Oilsands See Technology as Saviour From Environmental Dilemma

Anthony Vaccaro

Anthony Vaccaro

Swollen government coffers and generous earnings for investors and workers alike make any talk of slowing down development at Alberta’s oilsands seem absurd.

But as production generates more dollars than ever, there is a growing clamor to do just that.

The debate stems from the simple and inescapable fact that more oil production in the region means more greenhouse gas emissions.

Last year, Canada produced roughly 781 megatonnes of greenhouse gases, and will miss its Kyoto target of cutting them to 563 megatonnes by 2012.

Making up roughly 47% of Canadian emissions between 2003 and 2010, the oilsands are the single largest contributor to the missed target.

The country’s ruling Conservative Party took a second shot recently at devising an environmental policy to tackle the issue — its first attempt was criticized for setting targets too far in the future. The new policy targets a 20% reduction in greenhouse gas emissions by 2020.

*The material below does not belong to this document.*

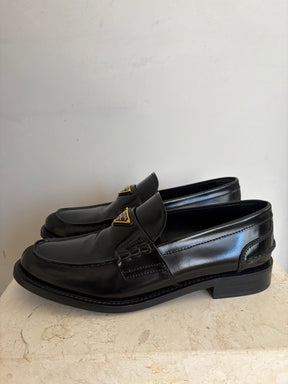 Prada Black Brushed Leather Logo Loafer, 37.5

It also lays the groundwork for emissions trading, and within three years aims to reverse the steady upward climb of emissions.

But even if the new plan hits its own targets, Canada will still emit 630 megatonnes a year by 2020.

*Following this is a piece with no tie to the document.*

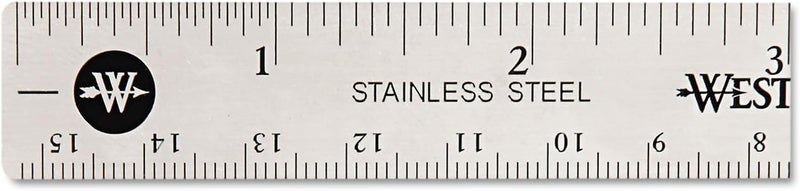 Westcott Stainless Steel Office Ruler with Cork Base - 6 Inch - Image 1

And the new limits are based on the intensity of emissions per unit of production, rather than a hard cap on total emissions, so the possibility remains that total emissions could go up further.

The difficult task of curtailing emissions without curbing the economic boom has companies, government and citizens pinning their hopes on new technology.

Producing crude oil from the oilsands in Alberta is more energy intensive than it is at traditional projects in other parts of the world.

Not only are the massive digging and hauling machines not fuel efficient, but refining and welling technologies require roughly 30 cubic metres of natural gas per barrel of recovered oil.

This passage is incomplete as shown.